(Data items)

————

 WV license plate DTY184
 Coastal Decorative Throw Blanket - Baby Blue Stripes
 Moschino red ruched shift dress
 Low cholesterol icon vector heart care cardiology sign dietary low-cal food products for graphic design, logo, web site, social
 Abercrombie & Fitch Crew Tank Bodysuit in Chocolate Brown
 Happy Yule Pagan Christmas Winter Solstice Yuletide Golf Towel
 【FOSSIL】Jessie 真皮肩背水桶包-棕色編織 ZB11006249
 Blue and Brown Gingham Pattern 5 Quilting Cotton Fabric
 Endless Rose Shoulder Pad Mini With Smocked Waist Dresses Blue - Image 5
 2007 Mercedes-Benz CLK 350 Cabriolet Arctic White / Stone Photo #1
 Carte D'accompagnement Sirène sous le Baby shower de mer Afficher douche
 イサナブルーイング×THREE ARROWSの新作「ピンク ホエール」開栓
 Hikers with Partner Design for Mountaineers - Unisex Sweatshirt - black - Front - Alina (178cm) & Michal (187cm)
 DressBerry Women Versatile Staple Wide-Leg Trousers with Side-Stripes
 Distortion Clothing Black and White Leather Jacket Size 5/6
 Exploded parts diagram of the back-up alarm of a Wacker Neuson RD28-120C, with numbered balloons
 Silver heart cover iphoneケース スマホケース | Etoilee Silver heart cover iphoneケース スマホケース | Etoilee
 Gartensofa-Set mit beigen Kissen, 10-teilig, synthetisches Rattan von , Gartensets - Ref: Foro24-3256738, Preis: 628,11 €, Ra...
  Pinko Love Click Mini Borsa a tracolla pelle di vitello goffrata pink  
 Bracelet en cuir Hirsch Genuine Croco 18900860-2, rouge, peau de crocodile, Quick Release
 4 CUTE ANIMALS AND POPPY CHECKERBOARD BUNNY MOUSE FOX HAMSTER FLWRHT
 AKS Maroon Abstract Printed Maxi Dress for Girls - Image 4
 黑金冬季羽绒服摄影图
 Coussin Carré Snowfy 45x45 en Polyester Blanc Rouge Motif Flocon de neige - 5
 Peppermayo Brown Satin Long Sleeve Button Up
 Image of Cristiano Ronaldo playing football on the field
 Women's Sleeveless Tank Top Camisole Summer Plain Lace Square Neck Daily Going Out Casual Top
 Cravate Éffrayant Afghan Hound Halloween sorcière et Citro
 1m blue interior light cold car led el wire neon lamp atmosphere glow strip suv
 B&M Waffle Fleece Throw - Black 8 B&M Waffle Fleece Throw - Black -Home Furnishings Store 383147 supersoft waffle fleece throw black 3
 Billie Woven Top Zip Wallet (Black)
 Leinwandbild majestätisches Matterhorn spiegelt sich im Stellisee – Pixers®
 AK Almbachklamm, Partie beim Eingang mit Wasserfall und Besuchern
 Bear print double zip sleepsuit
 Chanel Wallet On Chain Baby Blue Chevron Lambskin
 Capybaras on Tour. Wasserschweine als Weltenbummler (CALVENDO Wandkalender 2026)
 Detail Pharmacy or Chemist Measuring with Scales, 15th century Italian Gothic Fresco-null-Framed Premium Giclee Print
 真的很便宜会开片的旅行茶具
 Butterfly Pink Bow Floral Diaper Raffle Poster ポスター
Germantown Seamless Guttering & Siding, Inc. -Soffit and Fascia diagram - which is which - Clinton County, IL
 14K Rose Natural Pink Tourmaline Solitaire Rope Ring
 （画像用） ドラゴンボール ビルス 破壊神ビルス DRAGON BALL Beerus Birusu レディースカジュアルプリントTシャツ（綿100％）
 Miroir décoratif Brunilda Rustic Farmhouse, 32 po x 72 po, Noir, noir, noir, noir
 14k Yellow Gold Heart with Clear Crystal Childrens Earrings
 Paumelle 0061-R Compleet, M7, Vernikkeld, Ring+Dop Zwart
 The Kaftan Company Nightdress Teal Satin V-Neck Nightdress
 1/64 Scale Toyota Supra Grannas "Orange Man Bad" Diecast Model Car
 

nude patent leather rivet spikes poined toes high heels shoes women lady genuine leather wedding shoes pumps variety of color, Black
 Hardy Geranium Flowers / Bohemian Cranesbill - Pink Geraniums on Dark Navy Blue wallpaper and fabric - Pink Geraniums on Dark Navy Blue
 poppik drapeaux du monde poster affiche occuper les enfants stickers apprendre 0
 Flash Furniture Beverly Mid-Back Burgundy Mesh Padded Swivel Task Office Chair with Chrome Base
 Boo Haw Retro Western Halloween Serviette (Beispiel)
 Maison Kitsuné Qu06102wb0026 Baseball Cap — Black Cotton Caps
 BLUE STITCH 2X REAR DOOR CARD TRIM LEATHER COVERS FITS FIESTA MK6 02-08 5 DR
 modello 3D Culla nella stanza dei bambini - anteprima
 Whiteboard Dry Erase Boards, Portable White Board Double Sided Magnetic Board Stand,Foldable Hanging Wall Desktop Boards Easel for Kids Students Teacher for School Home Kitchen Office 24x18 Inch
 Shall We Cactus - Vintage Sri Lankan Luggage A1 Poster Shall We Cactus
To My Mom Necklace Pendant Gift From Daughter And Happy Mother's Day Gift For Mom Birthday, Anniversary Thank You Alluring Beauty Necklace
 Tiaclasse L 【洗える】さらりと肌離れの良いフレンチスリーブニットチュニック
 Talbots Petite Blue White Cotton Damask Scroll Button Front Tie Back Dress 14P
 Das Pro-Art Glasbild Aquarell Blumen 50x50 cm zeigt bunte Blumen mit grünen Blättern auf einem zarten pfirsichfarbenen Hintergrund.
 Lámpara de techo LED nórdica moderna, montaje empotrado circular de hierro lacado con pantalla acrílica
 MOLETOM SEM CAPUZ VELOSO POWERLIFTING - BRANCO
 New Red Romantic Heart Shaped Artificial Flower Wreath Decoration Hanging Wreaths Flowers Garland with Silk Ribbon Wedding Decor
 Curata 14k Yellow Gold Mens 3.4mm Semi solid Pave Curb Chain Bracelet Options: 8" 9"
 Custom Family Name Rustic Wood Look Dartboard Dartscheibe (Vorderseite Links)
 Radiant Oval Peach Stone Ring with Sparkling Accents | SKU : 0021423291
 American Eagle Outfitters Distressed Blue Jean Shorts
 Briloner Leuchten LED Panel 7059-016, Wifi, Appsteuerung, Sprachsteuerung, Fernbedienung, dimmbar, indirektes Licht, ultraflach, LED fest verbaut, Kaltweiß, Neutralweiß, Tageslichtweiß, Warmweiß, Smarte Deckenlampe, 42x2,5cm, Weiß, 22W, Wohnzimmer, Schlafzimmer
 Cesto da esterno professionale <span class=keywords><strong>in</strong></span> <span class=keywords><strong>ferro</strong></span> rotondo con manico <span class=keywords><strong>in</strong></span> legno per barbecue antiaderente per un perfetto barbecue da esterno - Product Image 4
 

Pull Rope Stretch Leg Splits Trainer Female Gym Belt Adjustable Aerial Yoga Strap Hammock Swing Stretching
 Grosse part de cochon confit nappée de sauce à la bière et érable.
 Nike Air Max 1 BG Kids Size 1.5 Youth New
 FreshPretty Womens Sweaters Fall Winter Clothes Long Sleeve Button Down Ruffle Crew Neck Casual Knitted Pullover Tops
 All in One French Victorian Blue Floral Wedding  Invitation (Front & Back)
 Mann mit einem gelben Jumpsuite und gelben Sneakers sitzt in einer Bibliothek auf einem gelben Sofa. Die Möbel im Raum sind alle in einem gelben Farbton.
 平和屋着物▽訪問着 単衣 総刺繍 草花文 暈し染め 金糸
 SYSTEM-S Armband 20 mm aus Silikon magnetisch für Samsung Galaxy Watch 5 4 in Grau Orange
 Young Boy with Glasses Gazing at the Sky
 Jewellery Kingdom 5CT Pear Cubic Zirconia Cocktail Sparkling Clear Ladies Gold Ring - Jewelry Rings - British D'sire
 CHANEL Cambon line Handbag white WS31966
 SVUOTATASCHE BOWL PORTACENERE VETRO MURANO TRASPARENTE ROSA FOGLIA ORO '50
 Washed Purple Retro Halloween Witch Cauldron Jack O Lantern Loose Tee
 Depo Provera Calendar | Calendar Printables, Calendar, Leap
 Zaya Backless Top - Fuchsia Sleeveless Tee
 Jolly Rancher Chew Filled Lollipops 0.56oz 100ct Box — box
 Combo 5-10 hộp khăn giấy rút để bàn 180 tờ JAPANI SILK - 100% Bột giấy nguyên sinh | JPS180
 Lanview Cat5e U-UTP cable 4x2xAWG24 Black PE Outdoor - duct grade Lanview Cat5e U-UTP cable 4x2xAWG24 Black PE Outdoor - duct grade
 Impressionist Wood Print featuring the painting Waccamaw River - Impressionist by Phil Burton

————

◆ GOAL OF THE EXERCISE
With the first line being the one containing "Silver heart cover iphoneケース スマホケース | Etoilee Silver" and the last line the one containing "Pinko Love Click", transcribe exactly the lines above that fall in that range.

◆ SOLUTION
 Silver heart cover iphoneケース スマホケース | Etoilee Silver heart cover iphoneケース スマホケース | Etoilee
 Gartensofa-Set mit beigen Kissen, 10-teilig, synthetisches Rattan von , Gartensets - Ref: Foro24-3256738, Preis: 628,11 €, Ra...
  Pinko Love Click Mini Borsa a tracolla pelle di vitello goffrata pink  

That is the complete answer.